1. Field of the Invention
This invention relates to a hydraulic-actuated brake system, especially to a method and an apparatus for damping tactile vibration caused by changes in hydraulic fluid pressure induced in the hydraulic fluid by an operational characteristic of a brake when the brake is being applied to brake a rotating object, such as a wheel of a motor vehicle.
2. Background Information
Hydraulic-actuated brake systems are used extensively as service brakes of motor vehicles. A representative brake system comprises friction brakes at individual wheels. Application of the brakes occurs when the plunger of a brake master cylinder is depressed by a driver of the vehicle pushing on a brake foot pedal. Hydraulic fluid is displaced from the master cylinder to the individual brakes at the individual wheels. The magnitude of hydraulic fluid pressure correlates with the degree to which the brakes are being applied, possibly being amplified by a power brake booster. Generally speaking, the more forcefully the brakes are being applied, the greater the pressure in the hydraulic fluid.
An example of a friction brake mechanism in a motor vehicle is a disc brake where friction pads are pressed against opposite faces of a brake rotor when the brake mechanism is operated by depression of the master cylinder plunger. Because the rotor is turning with the vehicle wheel, the forces applied by the pads to the rotor are effective to brake the rotating wheel, and hence slow the vehicle when the vehicle is moving.

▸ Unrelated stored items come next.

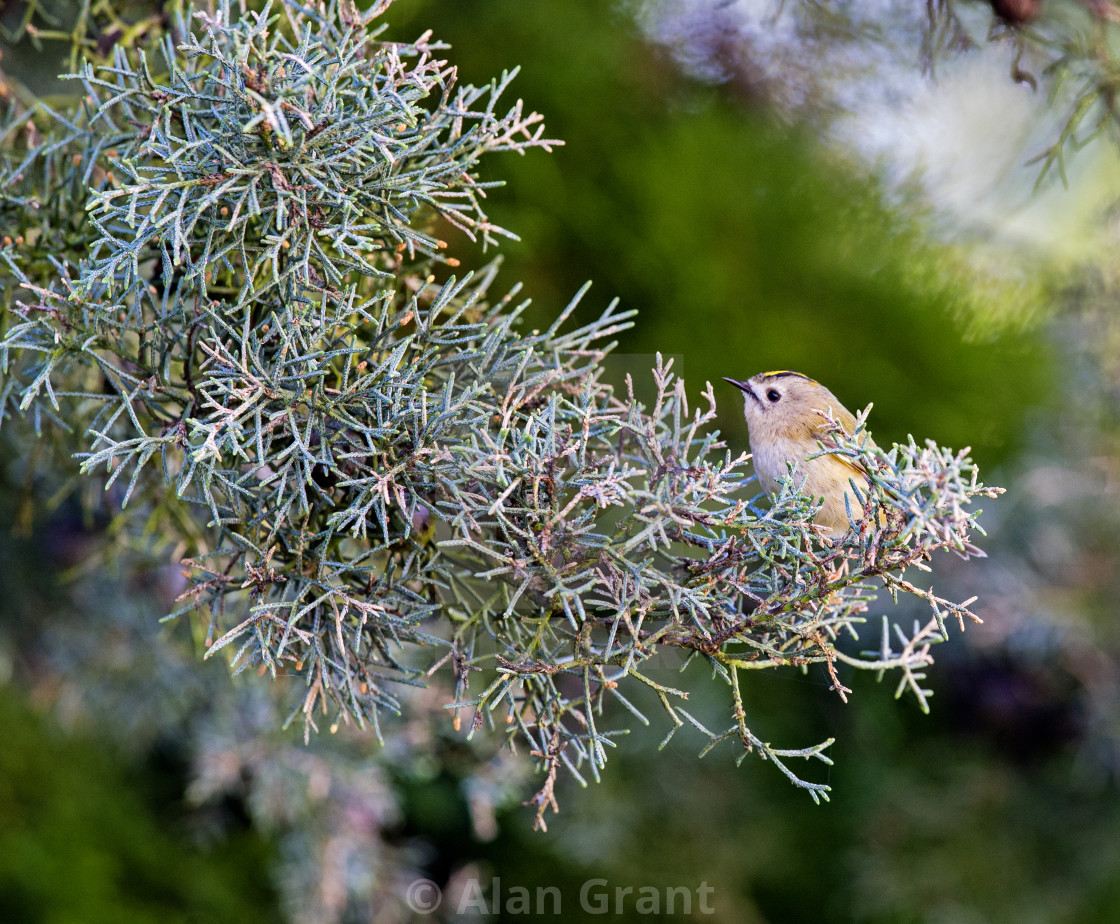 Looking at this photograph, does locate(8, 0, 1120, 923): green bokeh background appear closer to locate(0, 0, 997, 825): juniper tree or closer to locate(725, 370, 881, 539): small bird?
locate(725, 370, 881, 539): small bird

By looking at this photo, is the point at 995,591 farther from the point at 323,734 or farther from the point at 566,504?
the point at 566,504

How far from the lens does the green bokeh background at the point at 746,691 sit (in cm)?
142

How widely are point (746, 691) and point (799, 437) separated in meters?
1.41

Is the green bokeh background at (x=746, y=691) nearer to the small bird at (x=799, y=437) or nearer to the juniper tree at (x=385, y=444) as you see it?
the small bird at (x=799, y=437)

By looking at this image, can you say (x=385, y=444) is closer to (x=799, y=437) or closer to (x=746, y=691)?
(x=799, y=437)

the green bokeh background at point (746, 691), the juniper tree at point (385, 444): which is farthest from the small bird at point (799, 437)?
the green bokeh background at point (746, 691)

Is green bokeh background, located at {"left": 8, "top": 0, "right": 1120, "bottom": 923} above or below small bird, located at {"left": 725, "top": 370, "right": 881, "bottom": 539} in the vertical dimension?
below

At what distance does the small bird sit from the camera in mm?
727

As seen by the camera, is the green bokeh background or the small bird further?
the green bokeh background

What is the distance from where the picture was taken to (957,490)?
23.9 inches

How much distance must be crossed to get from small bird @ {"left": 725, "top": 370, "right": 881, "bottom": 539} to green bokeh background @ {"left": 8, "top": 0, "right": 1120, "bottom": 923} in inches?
13.2

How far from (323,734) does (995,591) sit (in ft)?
3.94

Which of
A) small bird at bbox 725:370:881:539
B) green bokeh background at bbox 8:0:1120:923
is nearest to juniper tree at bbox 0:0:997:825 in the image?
small bird at bbox 725:370:881:539

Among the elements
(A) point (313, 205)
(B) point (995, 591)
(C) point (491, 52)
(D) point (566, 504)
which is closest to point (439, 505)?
(D) point (566, 504) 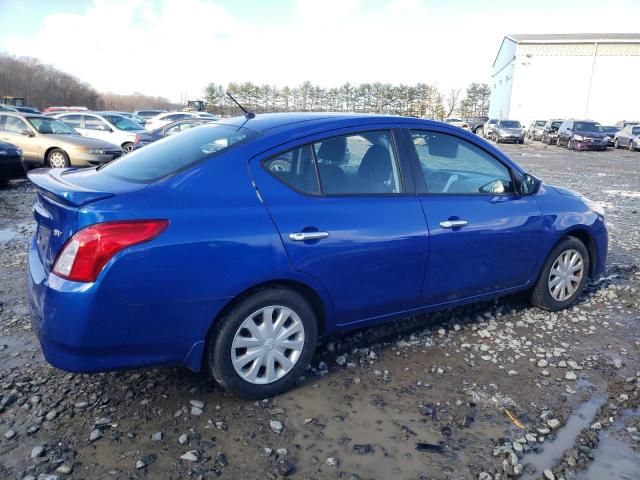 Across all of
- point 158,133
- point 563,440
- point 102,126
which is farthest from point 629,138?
point 563,440

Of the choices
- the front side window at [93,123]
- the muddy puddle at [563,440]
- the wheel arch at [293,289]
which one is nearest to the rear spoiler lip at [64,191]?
the wheel arch at [293,289]

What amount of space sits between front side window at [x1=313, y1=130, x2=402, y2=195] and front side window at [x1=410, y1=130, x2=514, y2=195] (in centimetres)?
26

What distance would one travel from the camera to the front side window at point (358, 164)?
3.19 metres

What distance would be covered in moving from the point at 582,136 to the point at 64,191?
29.4 m

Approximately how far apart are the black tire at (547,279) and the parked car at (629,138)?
2738cm

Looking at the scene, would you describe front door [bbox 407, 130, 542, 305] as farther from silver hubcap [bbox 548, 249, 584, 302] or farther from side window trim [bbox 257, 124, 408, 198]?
silver hubcap [bbox 548, 249, 584, 302]

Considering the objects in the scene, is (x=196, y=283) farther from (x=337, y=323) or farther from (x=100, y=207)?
(x=337, y=323)

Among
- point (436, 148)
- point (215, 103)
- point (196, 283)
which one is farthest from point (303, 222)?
point (215, 103)

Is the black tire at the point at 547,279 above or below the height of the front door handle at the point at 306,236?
below

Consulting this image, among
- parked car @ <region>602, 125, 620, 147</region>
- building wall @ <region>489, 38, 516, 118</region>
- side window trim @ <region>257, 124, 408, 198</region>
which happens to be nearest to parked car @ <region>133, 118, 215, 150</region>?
side window trim @ <region>257, 124, 408, 198</region>

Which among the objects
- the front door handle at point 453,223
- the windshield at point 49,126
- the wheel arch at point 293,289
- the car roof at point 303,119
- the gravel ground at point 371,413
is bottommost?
the gravel ground at point 371,413

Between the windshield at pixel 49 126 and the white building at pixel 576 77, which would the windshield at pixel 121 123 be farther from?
the white building at pixel 576 77

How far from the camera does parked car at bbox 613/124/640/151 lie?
2736 centimetres

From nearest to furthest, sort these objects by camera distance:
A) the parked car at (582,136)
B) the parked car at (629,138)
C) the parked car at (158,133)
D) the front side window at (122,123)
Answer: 1. the parked car at (158,133)
2. the front side window at (122,123)
3. the parked car at (582,136)
4. the parked car at (629,138) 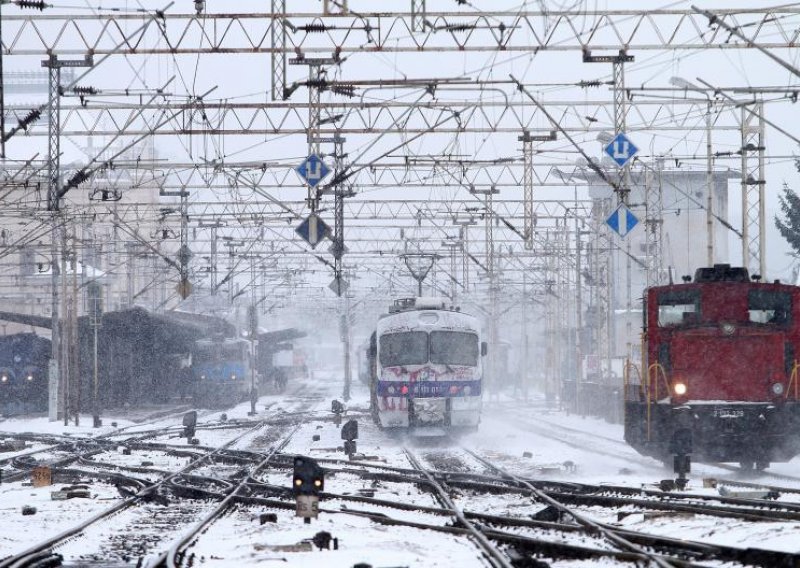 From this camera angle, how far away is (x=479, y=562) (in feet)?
32.5

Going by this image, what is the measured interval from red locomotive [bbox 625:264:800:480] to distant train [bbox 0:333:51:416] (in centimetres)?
3504

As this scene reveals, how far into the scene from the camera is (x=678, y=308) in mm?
19984

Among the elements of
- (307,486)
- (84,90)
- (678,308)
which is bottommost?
(307,486)

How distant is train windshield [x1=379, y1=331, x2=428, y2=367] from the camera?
28734 mm

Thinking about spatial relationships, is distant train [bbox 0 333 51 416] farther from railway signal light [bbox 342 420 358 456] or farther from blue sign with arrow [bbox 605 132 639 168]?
blue sign with arrow [bbox 605 132 639 168]

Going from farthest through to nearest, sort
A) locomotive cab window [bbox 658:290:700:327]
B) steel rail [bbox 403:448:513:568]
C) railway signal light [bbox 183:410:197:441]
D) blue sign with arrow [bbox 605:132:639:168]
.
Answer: railway signal light [bbox 183:410:197:441], blue sign with arrow [bbox 605:132:639:168], locomotive cab window [bbox 658:290:700:327], steel rail [bbox 403:448:513:568]

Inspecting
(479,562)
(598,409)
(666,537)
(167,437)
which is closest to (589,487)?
(666,537)

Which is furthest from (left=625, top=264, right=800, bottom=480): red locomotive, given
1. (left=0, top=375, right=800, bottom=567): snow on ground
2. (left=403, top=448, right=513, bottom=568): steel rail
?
(left=403, top=448, right=513, bottom=568): steel rail

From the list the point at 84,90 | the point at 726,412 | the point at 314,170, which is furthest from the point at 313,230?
the point at 726,412

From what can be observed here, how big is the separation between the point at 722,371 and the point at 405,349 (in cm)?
1063

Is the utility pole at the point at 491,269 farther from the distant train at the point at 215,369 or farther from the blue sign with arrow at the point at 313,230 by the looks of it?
the distant train at the point at 215,369

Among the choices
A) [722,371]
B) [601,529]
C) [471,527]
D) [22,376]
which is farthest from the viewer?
[22,376]

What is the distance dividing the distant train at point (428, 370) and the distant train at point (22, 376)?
2465 cm

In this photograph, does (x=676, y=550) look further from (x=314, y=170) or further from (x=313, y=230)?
(x=313, y=230) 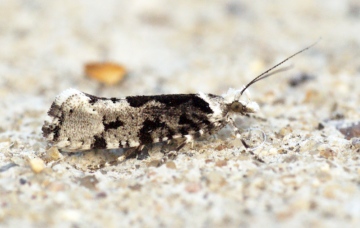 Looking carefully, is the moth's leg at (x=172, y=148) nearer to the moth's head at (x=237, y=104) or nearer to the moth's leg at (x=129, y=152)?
the moth's leg at (x=129, y=152)

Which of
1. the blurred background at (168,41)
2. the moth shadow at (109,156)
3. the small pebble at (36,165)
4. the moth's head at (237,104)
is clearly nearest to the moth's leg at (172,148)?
the moth shadow at (109,156)

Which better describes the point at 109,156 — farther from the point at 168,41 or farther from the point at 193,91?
the point at 168,41

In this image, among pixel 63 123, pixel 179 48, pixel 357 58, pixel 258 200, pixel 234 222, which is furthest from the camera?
pixel 179 48

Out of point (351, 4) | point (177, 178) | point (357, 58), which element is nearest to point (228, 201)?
point (177, 178)

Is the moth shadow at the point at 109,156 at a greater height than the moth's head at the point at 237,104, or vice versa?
the moth's head at the point at 237,104

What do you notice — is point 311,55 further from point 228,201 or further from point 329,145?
point 228,201

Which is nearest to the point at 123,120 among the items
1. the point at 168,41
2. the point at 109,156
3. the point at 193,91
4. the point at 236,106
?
the point at 109,156

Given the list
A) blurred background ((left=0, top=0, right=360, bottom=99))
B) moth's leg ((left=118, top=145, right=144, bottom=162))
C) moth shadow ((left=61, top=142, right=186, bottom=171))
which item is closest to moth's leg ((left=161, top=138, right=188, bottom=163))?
moth shadow ((left=61, top=142, right=186, bottom=171)) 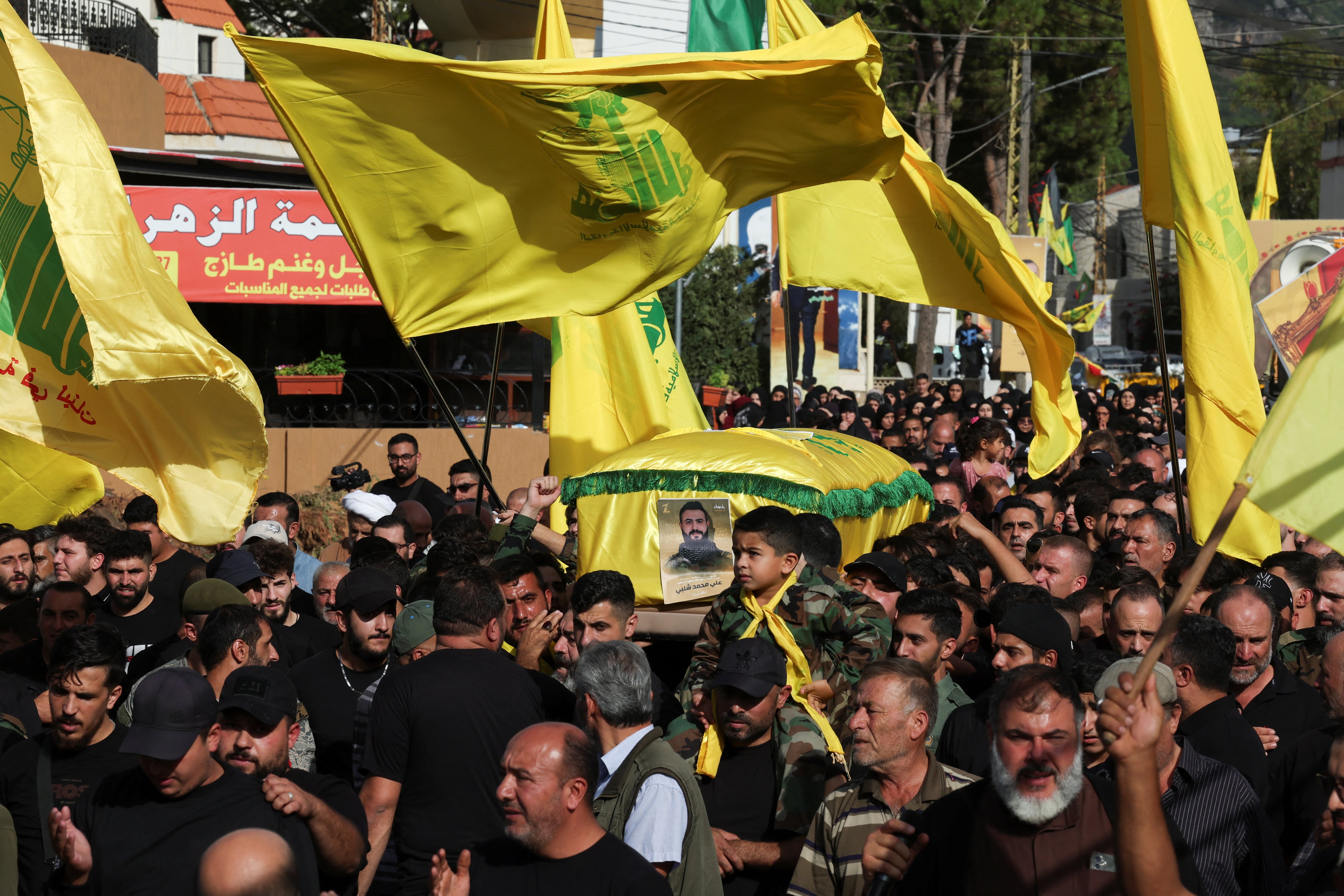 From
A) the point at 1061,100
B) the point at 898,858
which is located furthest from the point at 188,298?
the point at 1061,100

Certain friction brake mechanisms may possess certain operational characteristics that induce pressure changes, or fluctuations, in the hydraulic fluid as they are being operated to apply the brakes. Certain brake-induced pressure changes cause tactile vibration, sometimes referred to as brake roughness or shudder, which may propagate within the vehicle to be sensed by a driver of the vehicle, who may deem the vibration objectionable, even when it has no bearing on the functionality of the brake system or any other vehicle system. For example, vibration may be transmitted to the steering wheel where the driver may feel it through his or her grasp of the steering wheel. Such tactile vibration may manifest itself as torsional vibration. To promote driver satisfaction with a vehicle, it is therefore desirable that a brake system be free of such potential sources of objection, and it is toward that end that the present invention is directed. The invention may also serve to avoid needless warranty and/or repair expenses.
A cause of brake-induced vibration may arise from the nature of the brake mechanism itself. In a motor vehicle that has disc brakes, a cause may be a small divergence of opposite faces of a disc brake rotor from parallelism, even though the respective surfaces of the faces may be perfectly flat. Such divergence creates small differences in the distance between the opposite rotor faces, i.e. rotor thickness, as measured at various locations around the circumference of the rotor. Such differences may replicate a function that is a sinusoidal function of their locations around 360.degree. of the rotor circumference.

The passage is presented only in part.